The Roundup was among a couple dozen newspapers across five states that were abruptly shuttered on Wednesday, as its Illinois-based parent company, News Media Corporation, announced it was ceasing operations. Eight Wyoming newspapers and a Nebraska-based publication that operated under the corporation’s Wyoming Newspapers Inc. subsidiary were among those closed, resulting in the layoffs of their 30 employees.

The corporation had owned the bulk of its Wyoming publications — the Uinta County Herald in Evanston, the Torrington Telegram, the Platte County Record Times in Wheatland, the Kemmerer Gazette, the Lusk Herald and the Bridger Valley Pioneer — for roughly two decades.

In a memo to staffers Wednesday, News Media Corporation CEO J.J. Tompkins said the company had explored “every possible avenue” to continue operating, but “reached a point where continuing business is no longer feasible.”

Tompkins specifically cited “financial challenges, a significant economic downturn impacting our industry, revenue losses and increasing expenses,” plus the recent collapse of a plan to sell the company to the Alabama-based Carpenter Media Group.

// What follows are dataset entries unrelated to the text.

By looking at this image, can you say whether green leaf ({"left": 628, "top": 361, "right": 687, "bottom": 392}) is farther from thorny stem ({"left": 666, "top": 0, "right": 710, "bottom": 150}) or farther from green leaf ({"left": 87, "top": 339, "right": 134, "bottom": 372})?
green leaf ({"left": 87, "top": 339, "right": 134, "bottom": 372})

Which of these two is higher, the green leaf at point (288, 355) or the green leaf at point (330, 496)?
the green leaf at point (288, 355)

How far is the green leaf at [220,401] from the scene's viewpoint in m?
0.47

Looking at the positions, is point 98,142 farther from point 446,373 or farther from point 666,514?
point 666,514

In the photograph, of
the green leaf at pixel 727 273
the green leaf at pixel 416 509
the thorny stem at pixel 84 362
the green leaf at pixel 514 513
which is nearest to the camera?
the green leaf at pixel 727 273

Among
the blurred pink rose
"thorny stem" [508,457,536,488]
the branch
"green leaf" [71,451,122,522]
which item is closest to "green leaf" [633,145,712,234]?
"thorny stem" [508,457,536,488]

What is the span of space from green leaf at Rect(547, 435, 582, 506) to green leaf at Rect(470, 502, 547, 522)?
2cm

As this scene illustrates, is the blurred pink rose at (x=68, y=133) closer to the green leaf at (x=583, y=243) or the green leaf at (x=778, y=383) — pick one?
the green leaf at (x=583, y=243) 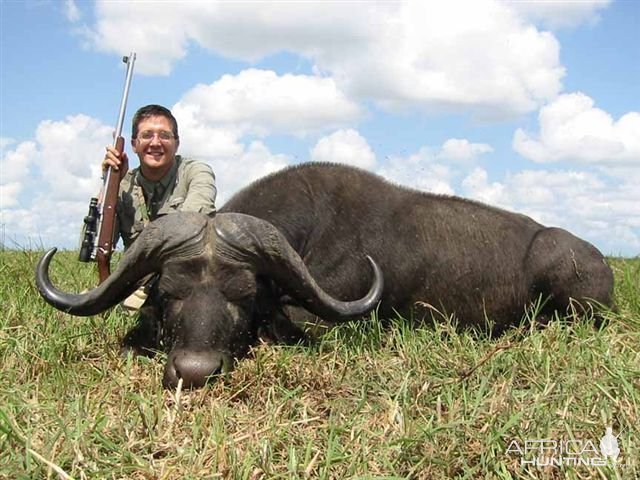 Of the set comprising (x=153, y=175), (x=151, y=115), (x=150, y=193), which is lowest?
(x=150, y=193)

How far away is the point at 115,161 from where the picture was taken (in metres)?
6.16

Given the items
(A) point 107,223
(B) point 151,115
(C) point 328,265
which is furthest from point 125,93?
(C) point 328,265

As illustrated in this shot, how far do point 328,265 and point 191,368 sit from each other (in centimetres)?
184

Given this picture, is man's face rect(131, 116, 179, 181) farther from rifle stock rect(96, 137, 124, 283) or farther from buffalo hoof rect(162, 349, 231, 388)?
buffalo hoof rect(162, 349, 231, 388)

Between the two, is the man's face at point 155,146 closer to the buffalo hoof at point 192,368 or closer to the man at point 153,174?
the man at point 153,174

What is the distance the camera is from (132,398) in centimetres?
359

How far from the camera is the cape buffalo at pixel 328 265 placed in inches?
169

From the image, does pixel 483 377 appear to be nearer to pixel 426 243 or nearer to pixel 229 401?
pixel 229 401

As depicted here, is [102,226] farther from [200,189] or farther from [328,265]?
[328,265]

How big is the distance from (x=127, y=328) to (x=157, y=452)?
205 centimetres

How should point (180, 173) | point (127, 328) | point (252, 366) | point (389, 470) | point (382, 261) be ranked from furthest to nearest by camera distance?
point (180, 173) → point (382, 261) → point (127, 328) → point (252, 366) → point (389, 470)

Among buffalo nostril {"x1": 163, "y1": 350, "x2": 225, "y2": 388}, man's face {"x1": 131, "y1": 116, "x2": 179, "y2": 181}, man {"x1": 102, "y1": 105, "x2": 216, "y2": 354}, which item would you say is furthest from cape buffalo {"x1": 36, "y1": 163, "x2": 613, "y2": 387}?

But the immediate shuttering still came as a “shock” to Rob Mortimore, the president of Wyoming Newspapers Inc. He described his employees as “some of the greatest and hard working individuals I’ve ever met” and said the papers’ closures would leave a void in their communities.

A sign on the front door of the Pinedale Roundup announcing the paper’s closure. PHOTO BY CALI O’HARE/PINEDALE ROUNDUP

Mortimore couldn’t speak to the company’s publications outside the state. But after cutting newsrooms and personnel in recent years, he said the Wyoming papers were making money.

“Without a doubt, they’re profitable,” Mortimore said, and he’s holding out hope that someone will purchase the publications.

“It’s a great opportunity for someone to come in and take these … and continue to give our communities the news that they deserve and need,” he said.

In the meantime, eight communities and tens of thousands of Wyoming residents are without publications that they’ve relied on for a century or more.

Gov. Mark Gordon called the abrupt closure of the papers “devastating, both to the residents of these Wyoming communities and to the employees whose hard work ensured they were well-informed on local issues.”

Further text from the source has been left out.